Single + Multiple Ascending Dose and Food Effect Study of AZD7986 in Healthy Volunteers, PK, PD and Safety Study

History of any clinically significant disease or disorder which, in the opinion of the Investigator, may either put the subject at risk because of participation in the study, or influence the results or the subject's ability to participate in the study.

History or presence of gastrointestinal, hepatic or renal disease, or any other condition known to interfere with absorption, distribution, metabolism, or excretion of drugs.

Any clinically important illness, medical/surgical procedure, or trauma within 4 weeks of the first administration of IMP.

Subject has increased risk of infection:

• History and/or presence of tuberculosis (TB); positive result for interferon gamma release assay (IGRA) (i.e., QuantiFERON TB-Gold), subjects who have resided in regions where tuberculosis and mycosis are endemic during 90 days before screening, or who intend to visit such a region during the duration of the study i.e. deserts areas, Eastern Europe, Central and South America, Africa except Egypt, Russia, Asia, Indonesia
• Oral body temperature of > 37.7°C on Day -1, or as judged by the Investigator.
• Blood neutrophil count < 1.7 x109/L (Screening and Day -1 morning sample).
• Is in high risk-group for HIV infection within the last 6 months (i.e., men who have had unprotected sex with men, women who have had sex without a condom with men who have sex with men, people who have had sex without a condom with a person who has lived or travelled in Africa, people who inject drugs, people who have had sex without a condom with somebody who has injected drugs, people who have caught another sexually transmitted infection, people who have received a blood transfusion while in Africa, eastern Europe, the countries of the former Soviet Union, Asia or central and southern America).
• Other latent or chronic infections (e.g., recurrent sinusitis, genital or ocular herpes, urinary tract infection) or at risk of infection (surgery, trauma, or significant infection) within 90 days of screening, or history of skin abscesses within 90 days of screening.
• Clinically significant lower respiratory tract infection not resolved within 4 weeks prior to screening, as determined by the Investigator.
• Volunteers with active malignancy or neoplastic disease in the previous 5 years other than superficial basal cell carcinoma.
• Disease history suggesting abnormal immune function.
• Volunteers who have received live or live-attenuated vaccine in the 4 weeks prior to dosing.
• High-sensitivity C-reactive protein above upper limit of laboratory reference range at screening and on Day -1.

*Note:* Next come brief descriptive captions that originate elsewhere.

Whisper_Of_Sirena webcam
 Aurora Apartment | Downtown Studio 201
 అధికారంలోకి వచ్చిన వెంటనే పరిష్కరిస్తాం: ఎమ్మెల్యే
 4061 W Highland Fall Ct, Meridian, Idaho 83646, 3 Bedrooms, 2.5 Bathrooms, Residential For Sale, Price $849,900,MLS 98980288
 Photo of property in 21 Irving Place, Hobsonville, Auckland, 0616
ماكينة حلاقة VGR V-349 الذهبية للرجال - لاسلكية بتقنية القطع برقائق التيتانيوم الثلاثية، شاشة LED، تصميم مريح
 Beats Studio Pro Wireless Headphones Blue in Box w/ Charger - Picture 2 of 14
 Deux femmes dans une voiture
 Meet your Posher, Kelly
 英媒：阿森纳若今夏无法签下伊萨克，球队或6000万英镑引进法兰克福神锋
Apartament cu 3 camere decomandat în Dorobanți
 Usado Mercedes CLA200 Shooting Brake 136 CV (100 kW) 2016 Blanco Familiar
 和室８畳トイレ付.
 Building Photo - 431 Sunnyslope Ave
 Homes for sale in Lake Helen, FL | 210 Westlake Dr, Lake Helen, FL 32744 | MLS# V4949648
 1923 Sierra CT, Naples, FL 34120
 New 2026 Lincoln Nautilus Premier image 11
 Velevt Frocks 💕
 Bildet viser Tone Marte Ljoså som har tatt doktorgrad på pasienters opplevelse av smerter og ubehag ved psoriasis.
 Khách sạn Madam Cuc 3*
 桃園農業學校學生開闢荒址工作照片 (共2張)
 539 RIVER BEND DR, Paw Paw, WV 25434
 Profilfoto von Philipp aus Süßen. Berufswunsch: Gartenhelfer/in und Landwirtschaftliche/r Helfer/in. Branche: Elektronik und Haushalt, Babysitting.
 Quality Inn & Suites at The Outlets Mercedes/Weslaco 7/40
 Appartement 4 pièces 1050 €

Some subjects lacking functional dipeptidyl peptidase 1 (DPP1) enzyme have been described to have periodontitis and palmoplantar hyperkeratosis:

• For Part 1a and Part 1b: Subjects with signs of current gingivitis/periodontitis. Gingival evaluation (by inspection) will be performed by a dental hygienist or trained study physician.
• For Part 2: Subjects with a history of recurring gingivitis/periodontitis or signs of current gingivitis/periodontitis. Gingival evaluation will be performed by a dental hygienist or trained study physician. Evaluation of bleeding propensity due to gingivitis will be performed by using dental hygienist instrumentation. Exact measurement of gum pockets is not needed.
• Subjects with a history of hyperkeratosis or erythema in palms or soles.